In human relationships, forgiveness follows repentance, but in some rare cases - when a person is strong in love - "love covers a multitude of sins" and repentance is never demanded for relationship to continue. This unconditional love sometimes produces repentance. Honestly, I think there is NO FORMULA.

Flicker said...

Yes, and I should have said forgiveness MAY be harder than talking about it.

Jesus asks, Who was the good son? The one who said No, and went and did it anyway? Or the one that said Yes, and never did it.

The forgiven criminal on the next cross, didn't actually ask for forgiveness, but my sense is that he was accepted as having confessed using other words.

As far as any church hierarchical leaders who wrong their congregants, the nature of forgiveness may be as hard to determine as any other forgiveness that you may extend. In my view, some leaders fall into a gray area of: I Don't Believe I Did Anything Wrong, But SOMETHING Didn't Go Right. I don't consider this a "heathen" category, nor a fully unrepentant category, but as you pointed out, a beginning.

But furthermore, any such church is not a "church", it is an association of people with varying degrees of involvement; and those who were wronged are just as much members of the same body as those who did the wronging. Each individual should have something to say, either in his own defense or as a confession (or in combination) and not be protected under a corporate blanket of anonymity and church-speak double-talk.
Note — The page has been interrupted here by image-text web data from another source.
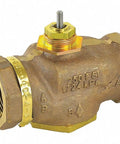 Two Way Globe Valve Body With NPT Threaded Straight Pipe Connection And Stainless Steel Plug For Hella Accurate Flow Control Plus Dead Serious Shutoff Sealing And Rock Solid Performance, brass valve, 250 PSI.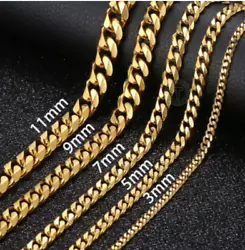 The cuban link chain is one of the most popular style chains! 11mm: 27 to 117 grams (depending on length). These...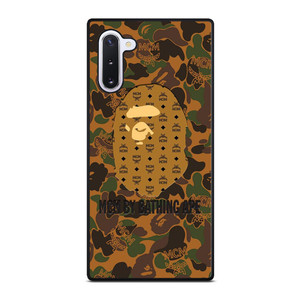 MCM BY BATHING APE CAMO Samsung Galaxy Note 10 Case Cover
This is an example of the "clergy/laity" distinction in which the clergy can speak as one body, and the laity, as best, as another. And this in itself can't work, and is in my understanding unscriptural. Any restructuring of the church hierarchy which still carries this doctrinal or social distinction will likely repeat this process of abuse over and over.

And thanks for letting me post my opinions and views here.

Debbie Kaufman said...

I heard the sermon where Matt Chandler apologized and thought it very good.

Chris Riley said...

Debbie, thanks for saying that. Your opinion is well respected. I know some of the elders involved including Chandler. I may not (which I don't) agree with the practice of the local church, but I believe in the autonomy of the local church. They have sought to interpret and implement how they view Scripture. People have agreed to sit under that interpretation. Chandler apologized for the implementation portion. I thought it was heartfelt and struck at the core of their interpretation. Love and grace must reign is what I heard from Chandler. Again, I hope everyone involved grows closer to Christ, God would be glorified, and positive change comes from this experience. Forgiveness is one tool that separates Christianity from the rest of the world because it is expected by God in the midst of living in a depraved humanity.

chapmaned24 said...

What exactly is Wade forgiving? How is Wade a victim of Matt? What did Matt do to Wade?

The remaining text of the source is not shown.